§ Exercise description
In the entries below, find the line containing "Snow-covered mountains in" and the line containing "A golden Maneki". Copy those two lines and everything between them exactly, without the pictures.

^^^^

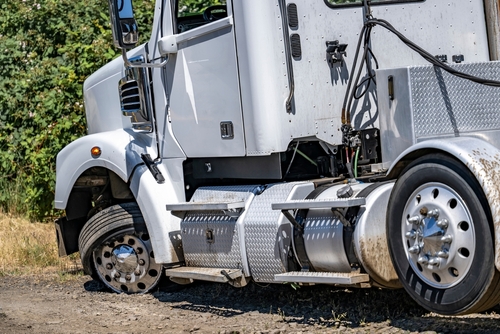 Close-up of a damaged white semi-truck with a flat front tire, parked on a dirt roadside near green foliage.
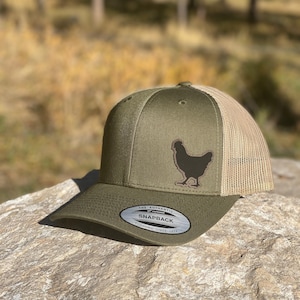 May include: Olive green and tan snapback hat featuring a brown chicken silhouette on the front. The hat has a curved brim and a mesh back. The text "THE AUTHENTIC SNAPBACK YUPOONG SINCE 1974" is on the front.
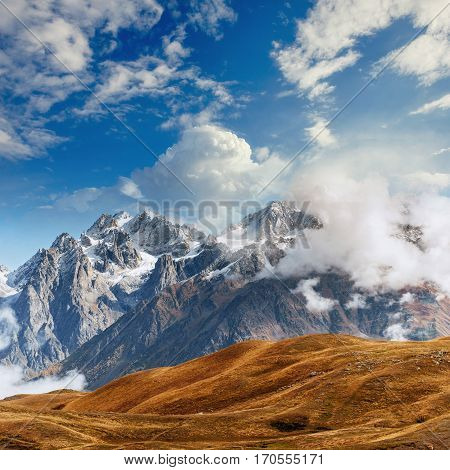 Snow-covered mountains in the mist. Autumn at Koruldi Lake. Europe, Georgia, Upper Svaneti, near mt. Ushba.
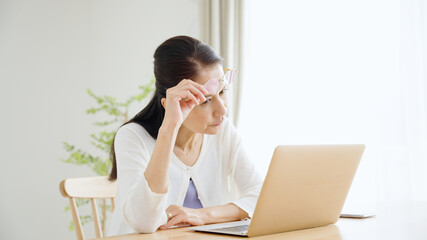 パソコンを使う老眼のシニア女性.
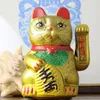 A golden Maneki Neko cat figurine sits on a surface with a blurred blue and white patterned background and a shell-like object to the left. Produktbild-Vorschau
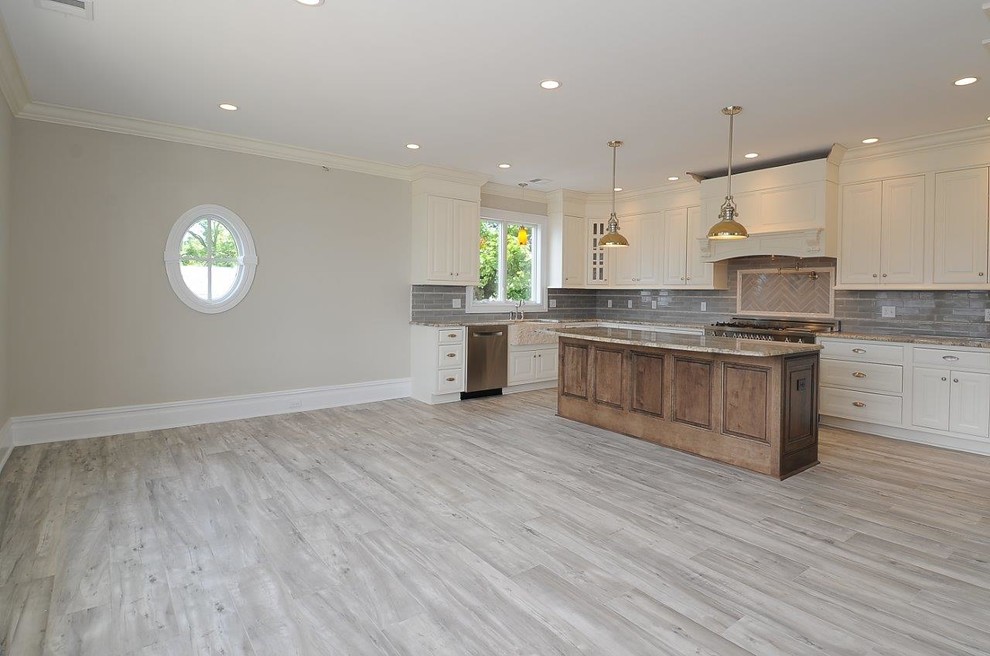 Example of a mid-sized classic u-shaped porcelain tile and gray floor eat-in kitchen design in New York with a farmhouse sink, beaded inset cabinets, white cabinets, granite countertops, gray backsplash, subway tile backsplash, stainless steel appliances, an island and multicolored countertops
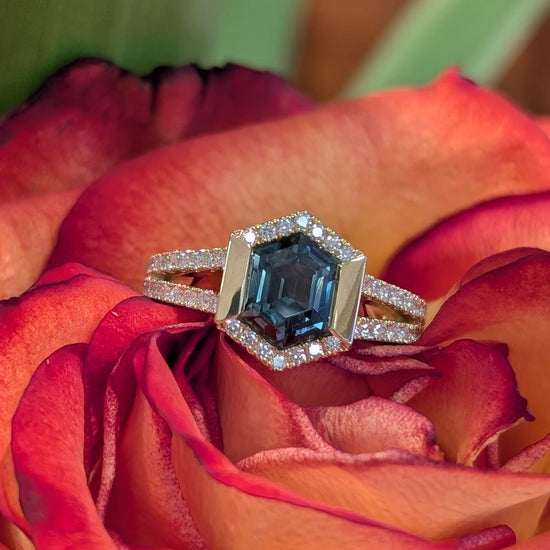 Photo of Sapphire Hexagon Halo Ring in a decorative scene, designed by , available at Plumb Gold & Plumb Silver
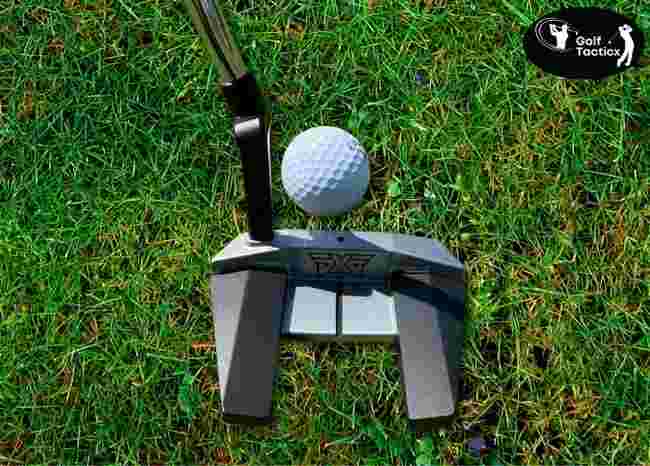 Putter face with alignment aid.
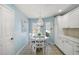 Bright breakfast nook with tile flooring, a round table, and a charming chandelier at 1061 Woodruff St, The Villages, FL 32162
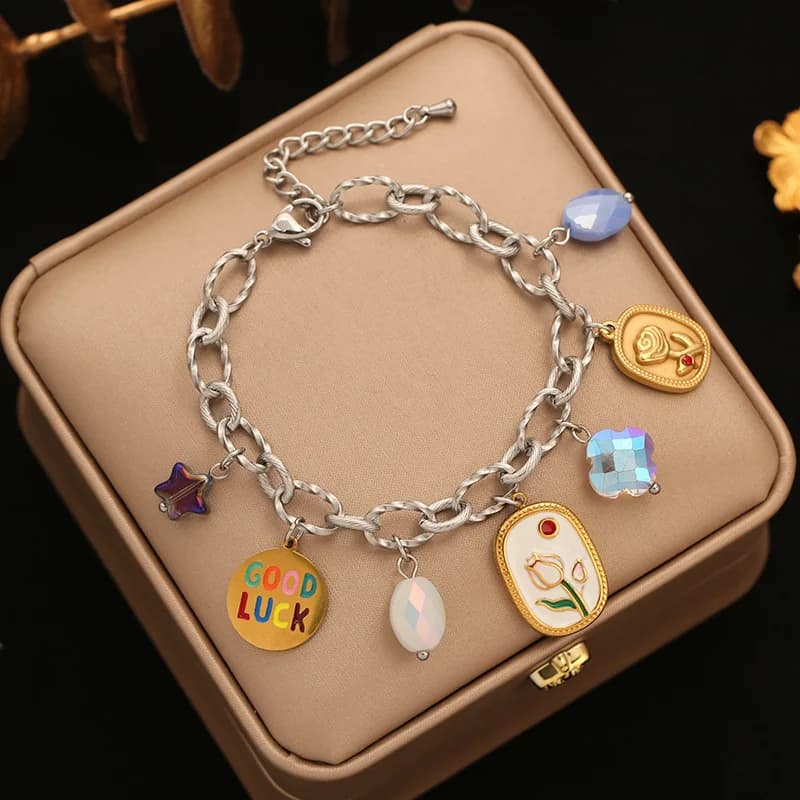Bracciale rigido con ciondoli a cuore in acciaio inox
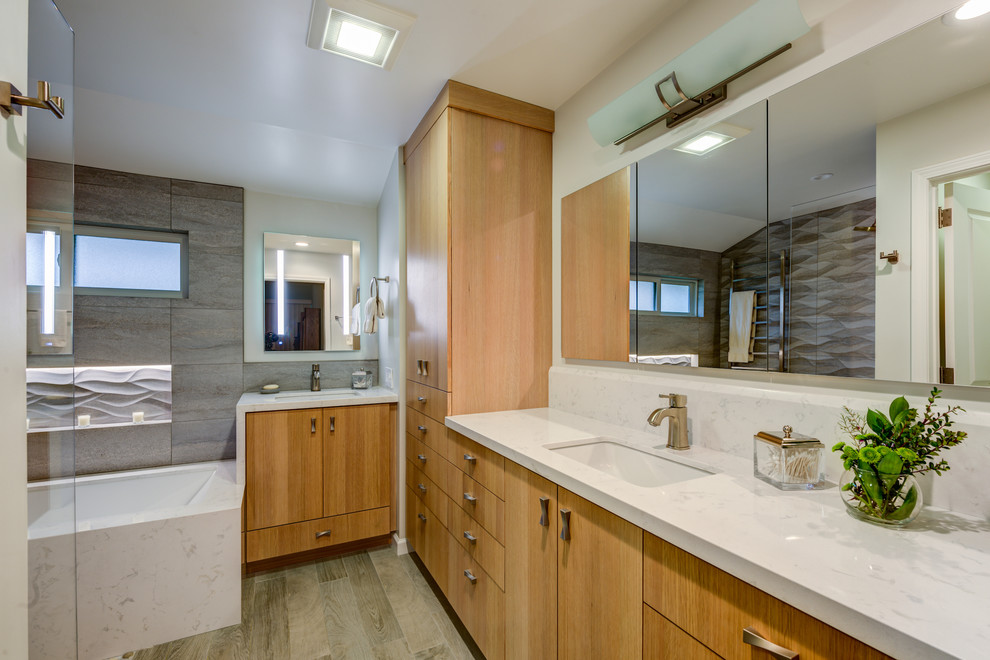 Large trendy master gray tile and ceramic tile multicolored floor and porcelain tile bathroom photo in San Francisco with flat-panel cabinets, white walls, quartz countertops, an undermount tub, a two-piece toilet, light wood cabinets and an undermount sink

^^^^

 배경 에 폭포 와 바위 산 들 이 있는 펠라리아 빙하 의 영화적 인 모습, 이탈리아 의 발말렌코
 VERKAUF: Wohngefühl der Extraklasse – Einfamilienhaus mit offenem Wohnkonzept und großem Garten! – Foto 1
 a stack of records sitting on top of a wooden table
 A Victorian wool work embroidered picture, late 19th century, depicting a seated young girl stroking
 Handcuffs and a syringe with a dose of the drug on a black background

^^^^

§ Solution to the problem
 Snow-covered mountains in the mist. Autumn at Koruldi Lake. Europe, Georgia, Upper Svaneti, near mt. Ushba.
 パソコンを使う老眼のシニア女性.
 A golden Maneki Neko cat figurine sits on a surface with a blurred blue and white patterned background and a shell-like object to the left. Produktbild-Vorschau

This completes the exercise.